Install a solar hot water system
Solar can be the most energy efficient means of heating water and there are several types of solar hot water systems. A solar hot water system will provide 65 to 80 per cent of your hot water free of charge*.
A solar hot water system may cost 2 - 3 times more than a conventional system but can pay back the additional cost through energy savings within about 5 - 8 years.
The first thing to do is check how much sunny roof space you have where you could install flat solar panels or evacuated tubes. Whilst it is unlikely you can generate enough solar to heat water for your whole building you may still be able to make a significant contribution.
A solar hot water system has three parts to it, and you can choose different options for each part.
1. Sun collectors – panels or tubes
Solar hot water systems use solar collectors, which absorb energy from the sun to heat water. Solar collectors can be either flat solar panels or evacuated tubes.
Flat solar panels:
- May require a special anti-freeze fluid for climates prone to frost or snow
- Are generally less expensive than evacuated tube systems
- Can be more efficient than flat panels in cold climates
- Are lightweight and can be easily installed on the roof
- Individual tubes can be replaced if damaged
- Are generally more expensive than flat plate panels
2. The water storage tank
The heated water is then stored in an insulated tank until needed, either:
- On the roof
- In the roof space or a rooftop plant room
- At ground level
Storage tanks are made from stainless steel, copper or mild steel coated with vitreous enamel.
- Copper-lined tanks are only suitable for low-pressure systems
- The other tanks are suitable for mains pressure
- Vitreous enamel tanks are fitted with a ‘sacrificial anode’ that needs to be replaced every few years to protect against corrosion (more frequently where water quality is poor)
3. The boosters – gas or electric
Solar hot water systems cannot supply all the hot water for an apartment building, especially on cloudy days or at night. A booster is used to heat the water to the required temperature when needed. Solar hot water systems come with either electric or gas boosters.

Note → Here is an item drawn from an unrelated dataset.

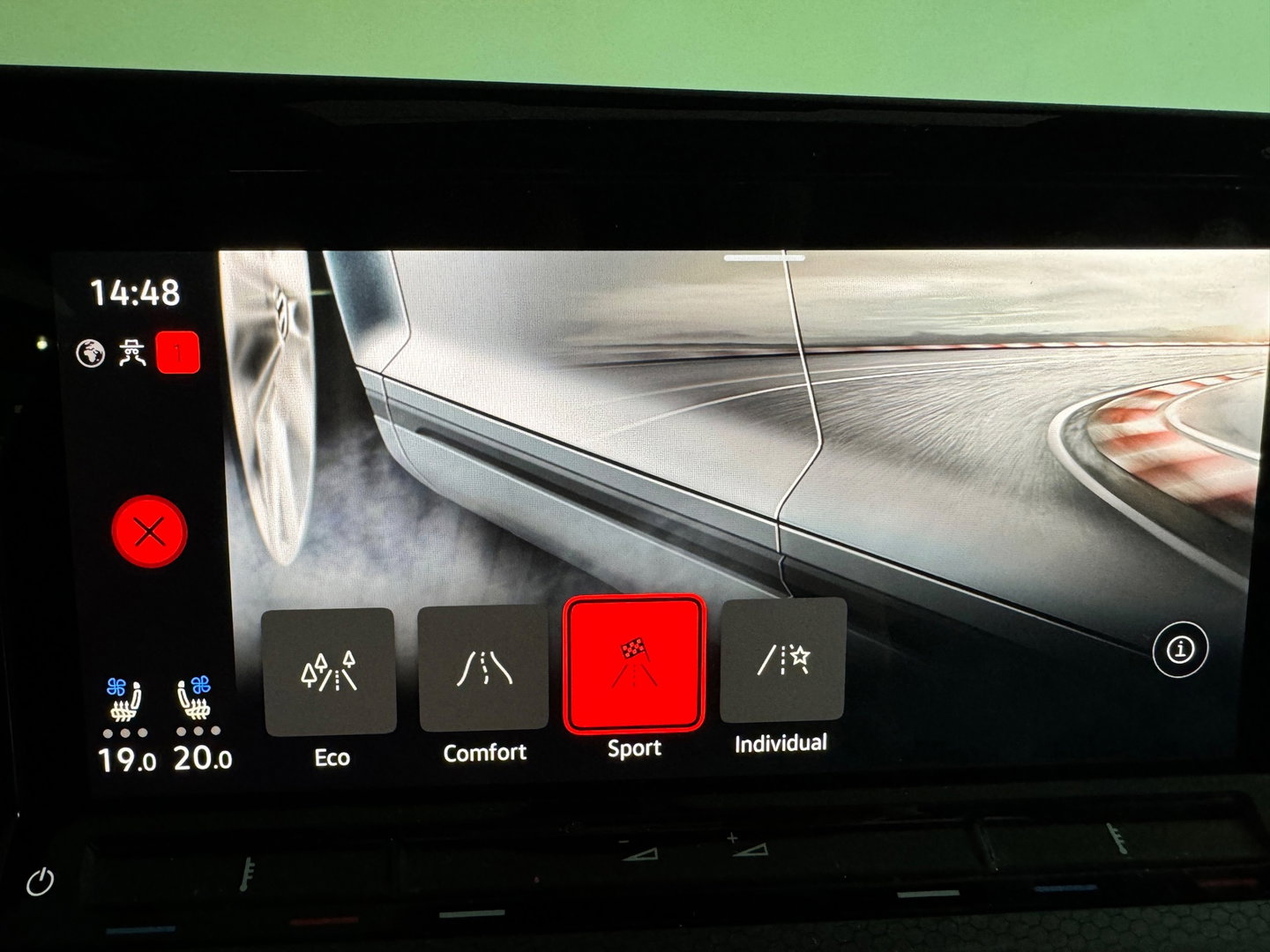 Volkswagen Golf 2.0 TSI GTI Pano|Leer|HuD|Memory|Stoelventilatie|Camera|Dodehoek|ACC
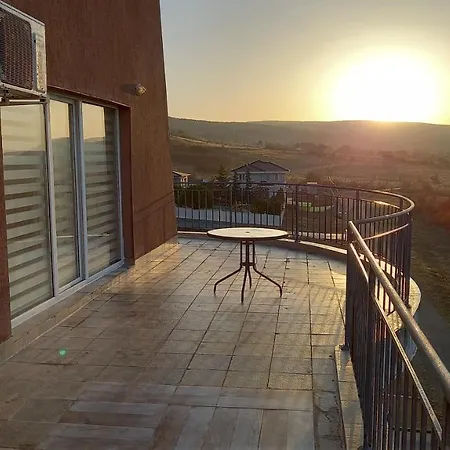 сансет кошарица: солнечный берег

- The booster unit will turn on when the water temperature falls below the thermostat setting and will turn off automatically when water reaches the required temperature
- Boosters can also be installed with a manual override switch-on timer to give the you more control over boosting times
- Gas boosting is cheaper to run and should be used in preference to electric boosting where available
- If you already have a gas or electric storage hot water system that is in good condition then a cheaper option is to add solar to your existing system
Solar hot water systems cost more to buy and install than other types but the extra cost will be recovered through energy savings within 5 - 8 years. Solar systems are expected to have a 15 to 20 year lifespan so this is a worthwhile investment.
Funding – discounts for solar and heat pump systems
Installing a solar hot water system can also entitle you to Small-scale Technology Certificates (STCs) thanks to the Small-scale Renewable Energy Scheme. The Small-scale Renewable Energy Scheme offers a financial incentive for owners to install solar water heaters, heat pumps and solar panel systems.
Get an idea of the approximate discount you could receive. Here are the estimations of discounts taken in 2013**:
- SA $780
- QLD $630
- ACT $780
- NT $630
- TAS $780
- VIC $780
- WA $780
- NSW $780
**Based on an STC price of $30 each, the above rebates would apply.